I understand how church and state have been combined on the idea of marriage, but like any other combinations of those two areas, they should be divorced of each other, so to speak. That way, all the ruckus about sanctity and morality of two men marrying will be only between the religions that allow it and the religions that don't.
There is something to be said for the community pressure to help married couples stay together. Maybe not as much in this country as in countries like China, or India. But there are significant practical incentives that married couples have for staying together as well. I just wanted to list a few areas where married couples gain benefits that aren't allowed to folks like me and Thaddeus:
1. Medical power of attorney.
If I were to be hit by a drunk driver and go into a coma, Thaddeus would have no legal rights to dictate how my medical care would proceed. In fact, my family could dissallow him from even visiting me in the hospital if I couldn't speak for myself (or hadn't already done so in legal documents).
2. Funereal Arrangements
If I were to progress from coma to death, Thaddeus could be denied any determination in how my funeral arrangements are carried out.

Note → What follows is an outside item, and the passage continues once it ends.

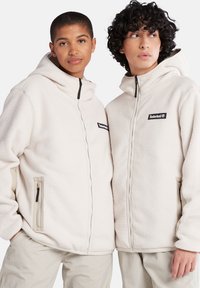 Cremfarbene Fleecejacken mit Reißverschluss und Kapuzen. Merkmale sind schwarze Timberland-Logos, Seitentaschen und strukturierter Stoff.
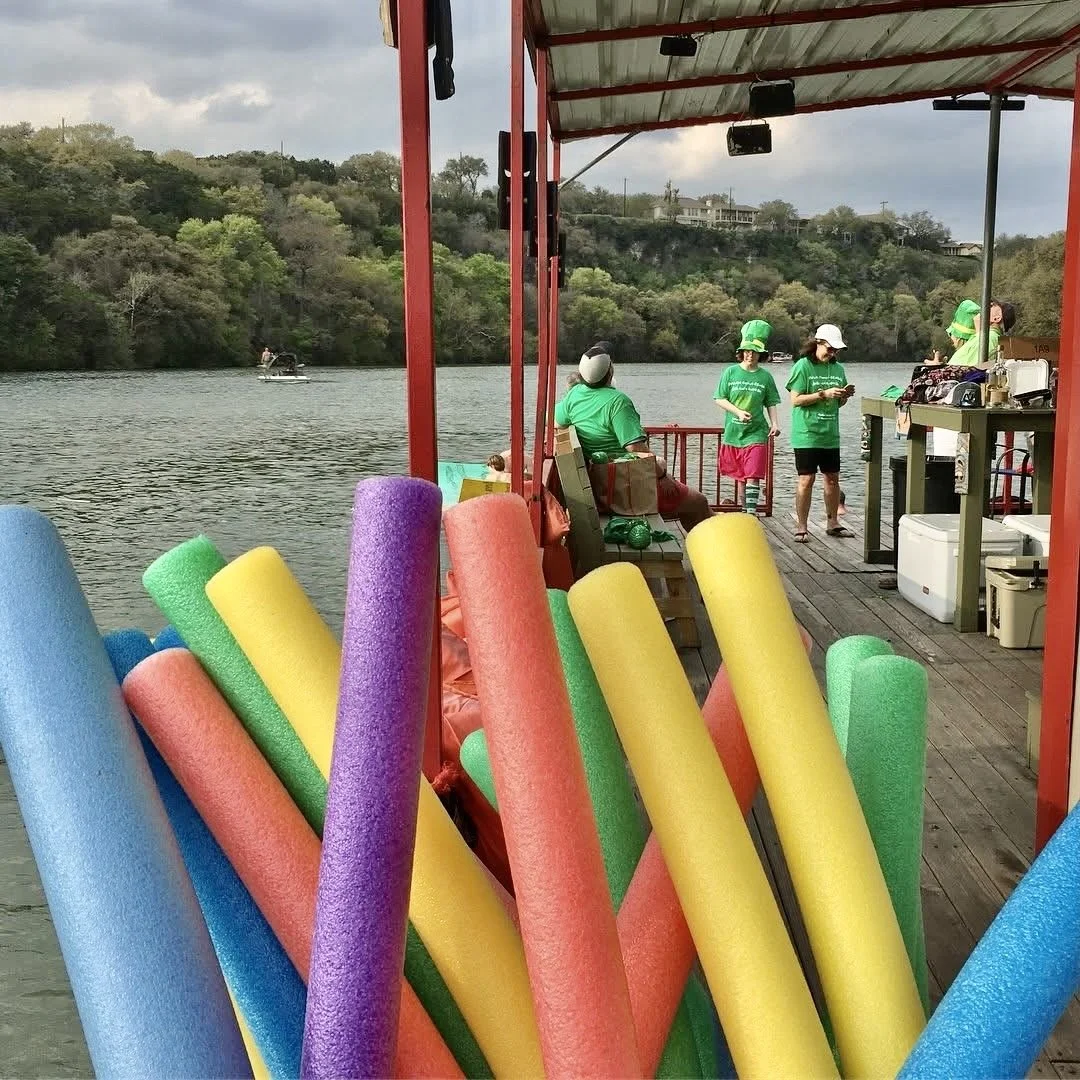 Colorful pool noodles in the foreground on a boat with people standing and sitting on a dock by a lake with dense trees and hills in the background.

3. Survivor Benefits - Social Security
If the bread-winner in a marriage dies, the spouse is granted survivor benefits. If I were to die, Thaddeus would get nothing.
4. Survivor Benefits - Defined Pension Plans
Most old-style pension plans will pay out a pension to a surviving spouse of the plan participant. I am eligible to receive a pretty decent pension starting as early as age 55 from my last company, but if I die two days before my 55th birthday, Thaddeus would get nothing from the plan, as opposed to a wife who would receive pension benefits for the rest of her life.
5. Inheritance tax
All that I own, or that Thaddeus and I own jointly is subject to inheritance tax, including our house and everything in it. A legal spouse doesn't have to worry about any of the same tax.
Don't get me wrong, there are some negative burdens associated with legal marriage...mostly if things don't go well in the relationship, but I feel significantly cheated by not being about to legally bind ourselves as a couple.
Moving along, but if I post one more picture of a block of knitting, I think folks will fall instantly asleep from massive boredom. Next picture will be next week probably and hopefully have some arm hole shaping. Now won't that be riveting?
Books & Magazines
I was at Barnes & Noble recently and picked up a couple of fiber-related items.
The first thing I found was the English translation of Knitting Out Of Africa, by Marianne Isager.
I already have the Danish version of it, but this is one of the few books where I might actually knit someone else's design, and I wanted to be able to read the pattern in English.
I also picked up Crochet! Magazine.
I'm not sure why, but the Knitting Magazines were dreadful, and I've had a yen to try out some crochet designs. There were a couple of decent designs ideas in the magazine, but nothing really worth making as shown.
Lucia notes, "You may want to read Dale Carpenter's posts at The Volokh Conspiracy also. That's where you'll find the right wing arguments against the amendment.
Thanks for the link. Very interesting discussions with incredibly well-thought out arguments.
Marilyn states, "That Romney is absolutely the epitome of creamy, yarny, handspun goodness...I'd love to design a gansey for that stuff! And you're planning what with it?"
First of all, if the words "creamy, yarny, handspun goodness" appear in your book, I will either not buy it, or return it for a refund or burn it, depending on how I feel. Second, I'm not sure what I'll do with the yarn, but I'm thinking about having it dyed and knitting sweaters out of it. I will definitely have enough to give away to an Aran designer, if she's really interested. It would make a nice "fisherman's sweater", but I'd fear the gauge of the yarn wouldn't be useful if the design was going to be published or sold.